The first paper explores how the interplay between local conditions in the Americas and court politics in Madrid determined the creation, and later suppression, of the first viceroyalty of the New Granada. By looking at this crucial event in the history of the geo-political organisation of Spanish America from a perspective that includes the internal politics of the Spanish court, the paper shows that while the creation of the new viceroyalty was officially meant to address specific circumstances in New Granada, the timing, personnel involved and manner in which it was created and suppressed were determined largely by the changing fortunes of actors deeply involved in the power struggles at the heart of the Monarchy’s decision making structures.

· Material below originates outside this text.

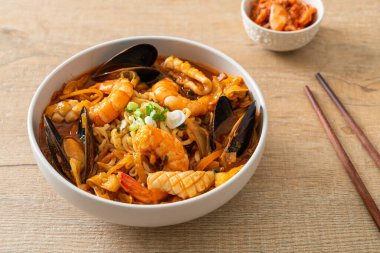 Jjamppong - Kore Deniz Ürünleri Erişte Çorbası - Kore yemek tarzı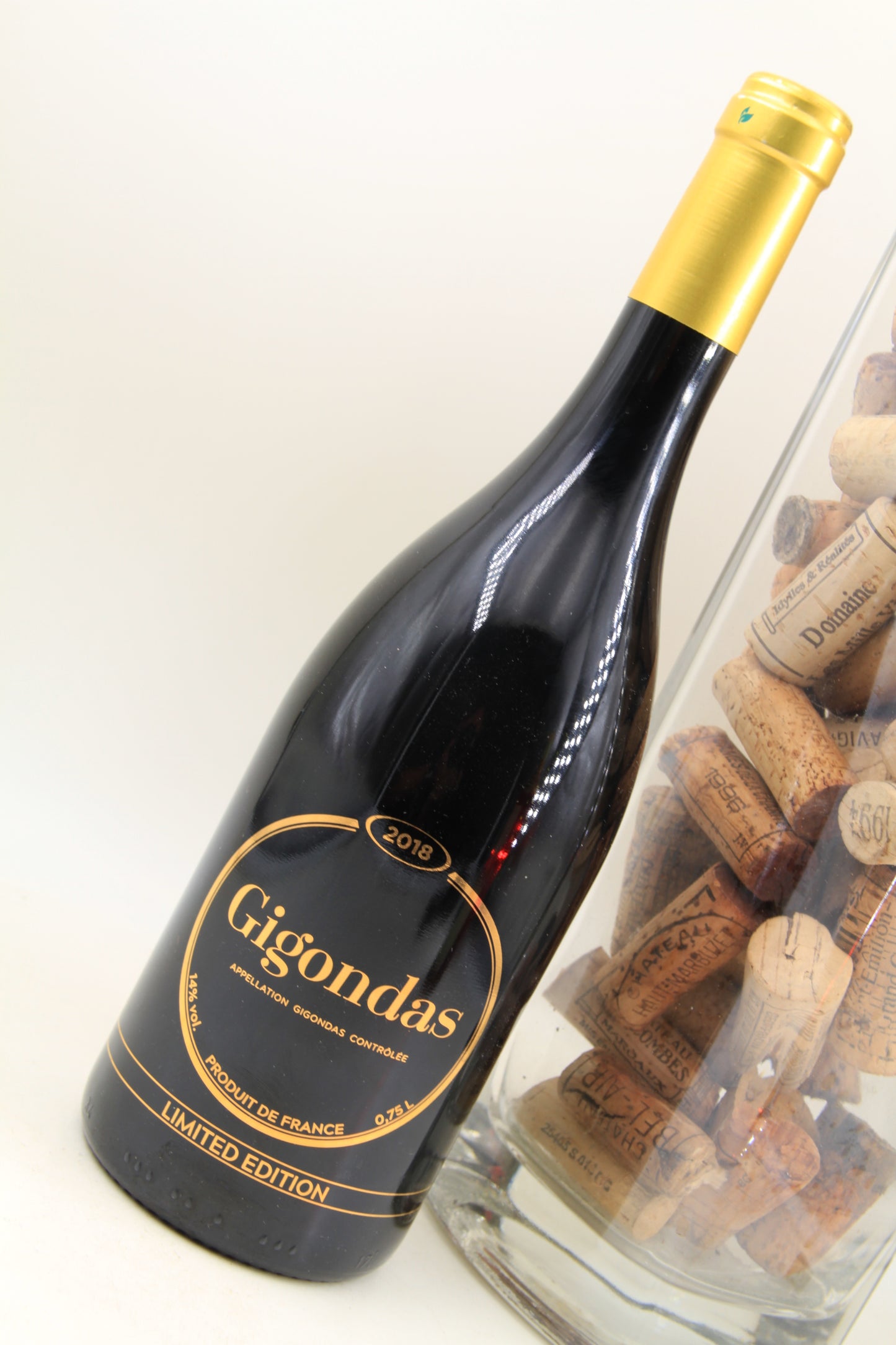 - Gigondas ** 2018 ** Limited Edition - Eric-Dixvins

As the second paper shows, a transatlantic approach is also illuminating in the history of science in the Hispanic World. In the eighteenth century, when the Spanish government orchestrated a series of research projects in the natural sciences, the New World was central to them as the site of coveted specimens for museums and botanical gardens back in Europe. Yet, it was also a site for knowledge creation in and of itself, where Creole naturalists, ex-patriot Spaniards and Jesuit missionaries propagated, and contested, scientific models and data circulating in Europe. A transoceanic perspective elucidates these complex interactions showing how the creation of ‘credible’ scientific knowledge was a dialogue between Spain and its colonies and not a unidirectional process in which the ‘periphery’ furnished specimens and the ‘centre’ produced knowledge.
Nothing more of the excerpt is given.